A/N - Good morning lovely Merlin fans!

Thank you to purplecat19 for you review and to Just Hedera for following!

And look, I'm hurting Arthur again. Sorry your Highness!


No. 9 – Buried Alive

The scream burst from Arthur as the floor gave way. The walls tumbled in. The ceiling collapsed. The earth tunnels he had been running along reduced to nothing but a roaring rushing sound as they caved in on top of him.

Silence descended again once the earth stopped shifting. It was a deafening silence, not a single sound reached his ears except for his own ragged breathing and groan of pain. He had fallen on his front, his face pressed down into the dirt, the heavy weight of rocks and soil on his back.

He should have let Merlin come with him. No, he corrected himself, he was glad Merlin wasn't here too. So that he was not trapped down here with him. Buried under goodness knows how much earth and stone. Buried alive.
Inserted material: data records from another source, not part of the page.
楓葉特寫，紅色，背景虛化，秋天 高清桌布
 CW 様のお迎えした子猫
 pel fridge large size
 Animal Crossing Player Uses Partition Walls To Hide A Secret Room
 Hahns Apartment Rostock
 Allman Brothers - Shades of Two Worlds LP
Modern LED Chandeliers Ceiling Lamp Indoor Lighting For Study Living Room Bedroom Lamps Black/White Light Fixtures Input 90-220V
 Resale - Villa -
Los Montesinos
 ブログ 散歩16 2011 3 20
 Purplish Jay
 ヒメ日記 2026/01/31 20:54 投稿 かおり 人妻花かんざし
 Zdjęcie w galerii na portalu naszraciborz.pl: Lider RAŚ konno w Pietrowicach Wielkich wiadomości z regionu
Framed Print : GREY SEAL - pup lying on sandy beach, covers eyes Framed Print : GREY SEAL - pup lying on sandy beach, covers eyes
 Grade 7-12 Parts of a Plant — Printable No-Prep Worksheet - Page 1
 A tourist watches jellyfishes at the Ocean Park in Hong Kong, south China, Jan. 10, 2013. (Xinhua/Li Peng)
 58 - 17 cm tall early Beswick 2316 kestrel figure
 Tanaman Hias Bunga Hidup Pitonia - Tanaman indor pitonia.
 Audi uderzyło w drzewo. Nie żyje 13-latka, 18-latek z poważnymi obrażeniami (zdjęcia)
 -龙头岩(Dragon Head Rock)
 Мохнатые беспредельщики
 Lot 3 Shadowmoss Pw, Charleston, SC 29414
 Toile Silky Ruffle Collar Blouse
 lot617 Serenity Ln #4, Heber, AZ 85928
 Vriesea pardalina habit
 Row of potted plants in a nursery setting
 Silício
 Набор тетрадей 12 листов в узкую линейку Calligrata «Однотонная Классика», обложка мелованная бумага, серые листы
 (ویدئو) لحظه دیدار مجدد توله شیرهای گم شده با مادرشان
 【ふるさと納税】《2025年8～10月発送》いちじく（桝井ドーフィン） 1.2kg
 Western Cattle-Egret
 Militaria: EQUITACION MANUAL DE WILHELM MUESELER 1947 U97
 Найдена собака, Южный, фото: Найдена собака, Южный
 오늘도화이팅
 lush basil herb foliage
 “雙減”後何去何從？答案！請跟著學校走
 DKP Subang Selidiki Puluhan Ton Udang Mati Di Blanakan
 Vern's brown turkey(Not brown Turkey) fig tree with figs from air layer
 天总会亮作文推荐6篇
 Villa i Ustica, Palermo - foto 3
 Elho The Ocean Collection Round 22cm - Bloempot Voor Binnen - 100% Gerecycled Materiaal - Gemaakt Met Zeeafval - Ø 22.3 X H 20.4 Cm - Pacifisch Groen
He tried to calm his breathing, which had sped up into frantic gasps as terror flooded his mind. He closed his eyes – not that it made much difference; it was pitch black under here anyway, his torch had been smothered in the collapse – and tried to steady himself. He brought his breathing back down slowly, concentrating on the pounding of his heart that was echoing in his ears.

Once he had his panic back under control, he focussed on working out a plan. Merlin wouldn't come looking for him for another few hours, he'd told him to wait at the camp. So he'd have to find a way out of here on his own.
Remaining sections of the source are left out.